In perception, auditory scene analysis (ASA) is the process by which the auditory system constructs meaningful perceptual components from sound. The term was coined by psychologist Albert Bregman, whose 1991 book summarized contemporary research and proposed conceptual foundations for the field.[1][2] The study of ASA has traditionally concerned the perception of multiple, distinct sound sources. More recently, this term has also been used to encompass perception related to other factors in sound generation, such as reverberation due to the environment.[3] Computational auditory scene analysis (CASA) involves the implementation of ASA in computational systems, which has contributed both to the development of formal theories of ASA in human listeners[4] and to building systems for machine perception. The interaction of auditory scene analysis with the classic psychological concept of attention is described by the cocktail party problem.[5]

Background edit

The soundwave received by the ear is often composed of a mixture of sounds produced by different sources. For instance, different instruments in a musical ensemble each produce their own distinct vibrations, but those vibrations combine in the air before reaching the ear. Despite only observing this single soundwave, a listener typically experiences several streams of sound, which may each appear to arise from a separate source. Auditory scene analysis describes that process by which multiple meaningful entities (e.g., sources such as musical instruments) are perceived from the single soundwave received at the ear. Determining these entities from the observed soundwave alone is ill-posed: there are infinitely many combinations of arbitrary source soundwaves that could physically match the observed soundwave. Therefore, because source structure is not inherent in sound alone, the auditory system itself must embody (realize, carry out) principles by which [it makes this determination].
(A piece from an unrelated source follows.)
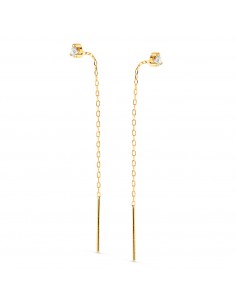 18K PENDIENTES ORO AMARILLO CON CIRCONITA GARRAS 4MM Y CADENA. LARGO: 56MM CIERRE PRESION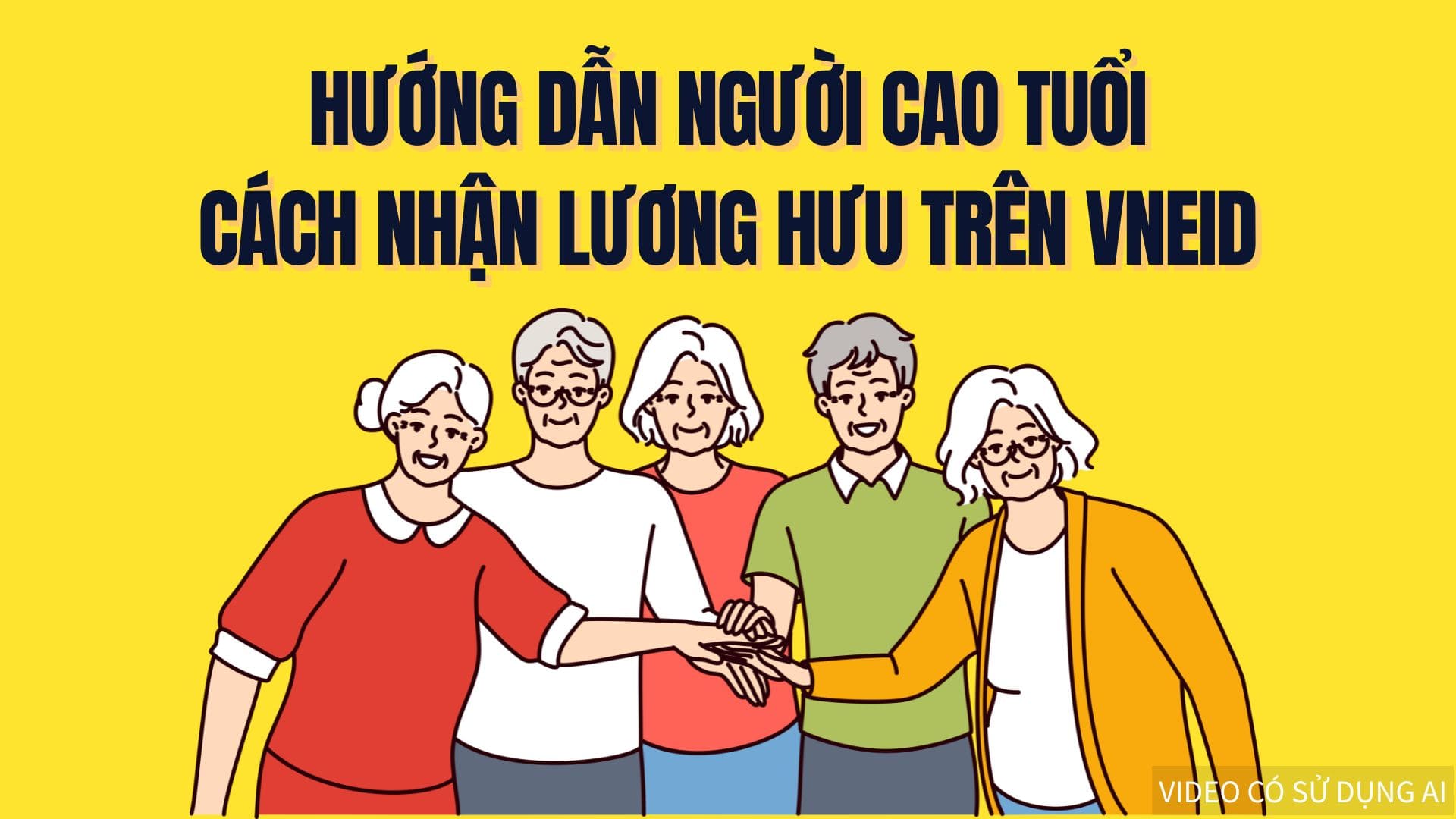 Guiding the elderly on how to receive pensions on VNeID. Graphics: Tra My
Hypothesized principles have typically been formulated as heuristics which govern whether vibrations of varying frequencies across time should be grouped (as belonging to a single source) or segregated, somewhat analogous to Gestalt principles of perceptual organization in vision.[6] In CASA, such principles have also been formulated in terms of constraints on the relationship between distinct sounds comprising a mixture (e.g., statistical independence) as well as assumptions about the properties of isolated sources.[7] In the latter case, ASA is seen as a process of Bayesian inference, in which probable sources are inferred given the observed soundwave and assumptions (i.e., prior beliefs) about single sources.
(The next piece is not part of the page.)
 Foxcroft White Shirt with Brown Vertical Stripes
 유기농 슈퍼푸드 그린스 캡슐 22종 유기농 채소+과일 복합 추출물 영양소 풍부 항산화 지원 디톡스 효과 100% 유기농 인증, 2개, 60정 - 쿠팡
In line with thinking on natural scene statistics, Bregman proposed that organisms' auditory systems are adapted to regularities in their natural sonic environment through evolution, and that this adaptation is the basis for many ASA principles.[8] That is, because sources do not produce arbitrary sounds, organisms are able to internalize structure through evolution... He also suggested that perceptual learning throughout one's lifetime could shape how organisms hear auditory scenes.

History edit

In his 1895 treatise On the sensations of tone, Hermann von Helmholtz described how a note played by a musical instrument is composed of multiple, harmonically related pure tones (which each consist of a single frequency).[9] He further described how one could manipulate whether they perceived the sound as a single note or as comprised of pure tones, which he termed synthetic versus analytic listening. In contrast to work on visual perceptual grouping which occurred in the early 20th century by the school of Gestalt perception, it was only in the 1950s that significant seminal work on auditory perceptual organization was conducted. Examples include Colin Cherry's 1953 research on the cocktail party problem[10] and Broadbent and Ladefoged's 1957 work on grouping different frequencies in vowel sounds.[11]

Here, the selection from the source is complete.